> _EXERCISE DESCRIPTION_:
Exactly the lines starting at the line containing "윤석열 대통령에 대한" and ending at the line containing "Volkswagen GOLF 2002 - Imagen 18 de 20" are to be written out from the listing below, both included.

> _THE INPUT_:
%%
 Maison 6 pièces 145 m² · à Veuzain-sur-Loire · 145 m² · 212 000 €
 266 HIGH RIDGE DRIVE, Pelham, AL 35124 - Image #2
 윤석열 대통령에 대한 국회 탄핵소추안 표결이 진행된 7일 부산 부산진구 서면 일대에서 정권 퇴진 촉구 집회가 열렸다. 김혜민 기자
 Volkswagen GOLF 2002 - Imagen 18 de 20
%%
%%
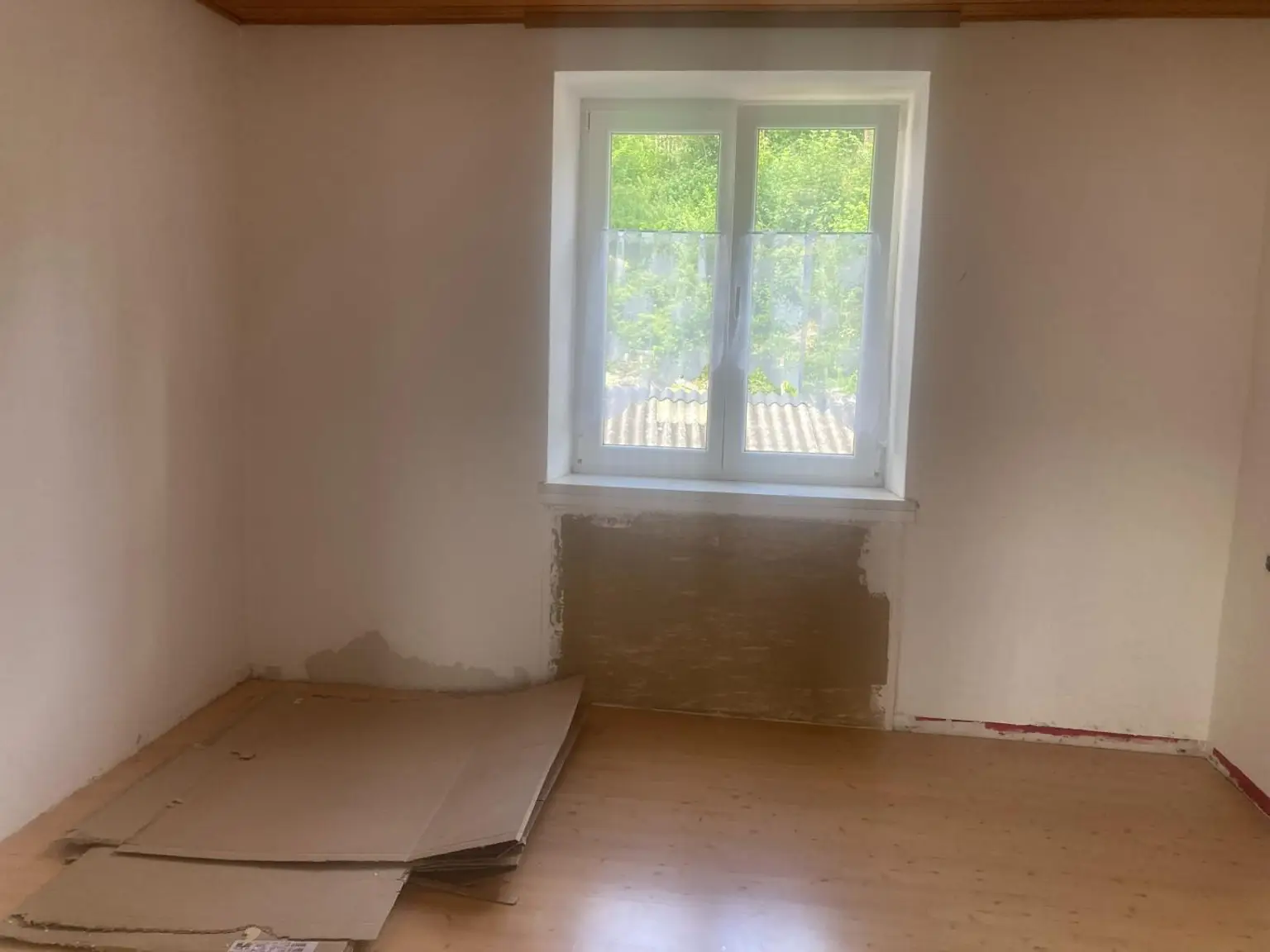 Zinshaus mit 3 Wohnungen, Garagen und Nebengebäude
%%
%%
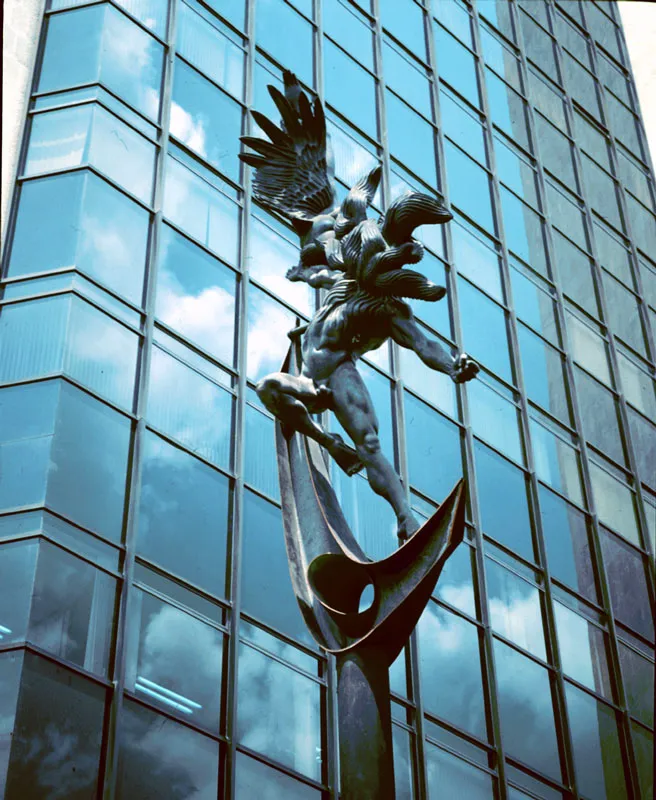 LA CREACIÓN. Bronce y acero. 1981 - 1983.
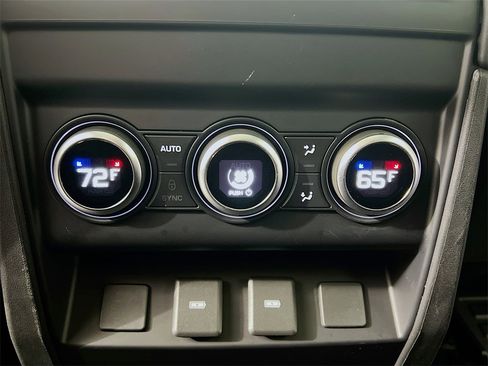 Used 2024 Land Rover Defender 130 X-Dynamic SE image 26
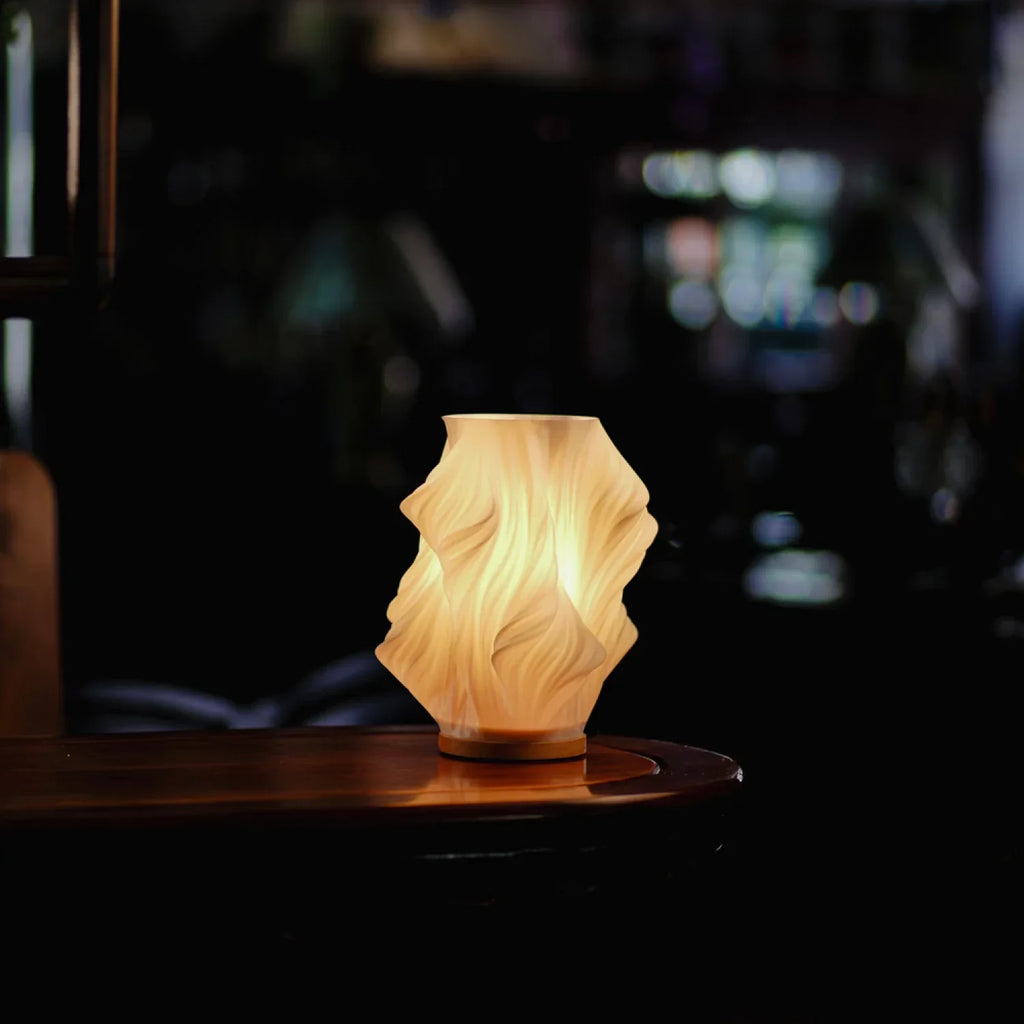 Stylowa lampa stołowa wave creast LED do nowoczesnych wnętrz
%%
> _OUTPUT OF THE TASK_:
 윤석열 대통령에 대한 국회 탄핵소추안 표결이 진행된 7일 부산 부산진구 서면 일대에서 정권 퇴진 촉구 집회가 열렸다. 김혜민 기자
 Volkswagen GOLF 2002 - Imagen 18 de 20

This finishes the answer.